The first step is to stop blaming yourself for your cancer. The negative energy you use in regretting actions or harboring negative emotions is drawing your focus away from your number one concern: being strong and living life.

The sooner you return to normal daily activities (with your healthcare provider’s approval), the sooner you’ll gain a sense of control. Going to work, fulfilling social commitments and exercising may help reduce the feelings of hopelessness and helplessness many cancer patients experience.

Listen to your body

Managing the physical aspects of cancer is an important part of maintaining optimal well-being.

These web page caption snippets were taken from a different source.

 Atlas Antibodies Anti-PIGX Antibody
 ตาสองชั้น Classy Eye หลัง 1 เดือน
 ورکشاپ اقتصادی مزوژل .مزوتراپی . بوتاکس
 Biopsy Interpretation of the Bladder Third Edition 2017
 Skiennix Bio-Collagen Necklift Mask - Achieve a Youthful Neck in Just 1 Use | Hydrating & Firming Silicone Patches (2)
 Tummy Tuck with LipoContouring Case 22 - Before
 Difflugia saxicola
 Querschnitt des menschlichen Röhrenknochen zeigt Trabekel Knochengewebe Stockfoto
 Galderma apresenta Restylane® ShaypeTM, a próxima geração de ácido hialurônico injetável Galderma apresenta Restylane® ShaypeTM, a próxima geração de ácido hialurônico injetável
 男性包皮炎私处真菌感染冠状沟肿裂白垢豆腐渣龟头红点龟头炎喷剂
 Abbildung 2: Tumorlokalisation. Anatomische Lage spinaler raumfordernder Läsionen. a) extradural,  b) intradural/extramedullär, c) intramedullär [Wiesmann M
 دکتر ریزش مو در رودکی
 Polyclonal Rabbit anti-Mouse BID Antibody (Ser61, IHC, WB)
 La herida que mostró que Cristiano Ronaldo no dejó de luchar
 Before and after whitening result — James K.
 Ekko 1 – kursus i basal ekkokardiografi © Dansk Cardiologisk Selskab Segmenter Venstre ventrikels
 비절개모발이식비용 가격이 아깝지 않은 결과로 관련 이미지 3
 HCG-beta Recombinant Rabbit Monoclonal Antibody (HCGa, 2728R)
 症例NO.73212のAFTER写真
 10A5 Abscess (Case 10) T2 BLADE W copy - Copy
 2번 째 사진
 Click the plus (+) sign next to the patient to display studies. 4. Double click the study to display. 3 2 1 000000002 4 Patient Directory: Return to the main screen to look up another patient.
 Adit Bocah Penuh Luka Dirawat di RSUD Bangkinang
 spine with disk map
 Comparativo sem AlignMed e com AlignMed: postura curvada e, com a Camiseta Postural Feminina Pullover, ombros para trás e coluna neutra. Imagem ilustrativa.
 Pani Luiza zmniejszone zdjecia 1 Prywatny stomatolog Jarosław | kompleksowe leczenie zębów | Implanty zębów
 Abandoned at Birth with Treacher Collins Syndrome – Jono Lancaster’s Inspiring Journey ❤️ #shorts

Fatigue. Exhaustion is the most common complaint among people being treated for cancer. How can you fight fatigue? First, recognize your limits. Then, make time for things that matter to you by cutting back on social obligations and avoiding unnecessary stress. Conserve energy by delegating tasks to those who offer help.

Pain. At least half of all cancer patients experience severe pain. When surgery, radiation therapy or chemotherapy can’t alleviate cancer pain, pain-relieving drugs are used.

Nutrition. Studies show that patients who eat well during cancer treatment have fewer infections and are able to remain more active. Unfortunately, both cancer and its treatment may reduce your appetite. If you’re unable to eat three large meals, keep a supply of nutritious snacks nearby so you can eat small amounts throughout the day. Protein-rich foods are particularly important because the body uses protein to repair and build tissues.

Exercise. Talk to your healthcare provider about involving some physical activity into your daily routine. One study found that cancer patients who exercised regularly by walking short periods on a treadmill were less likely to feel fatigued and less likely to feel depressed after six weeks.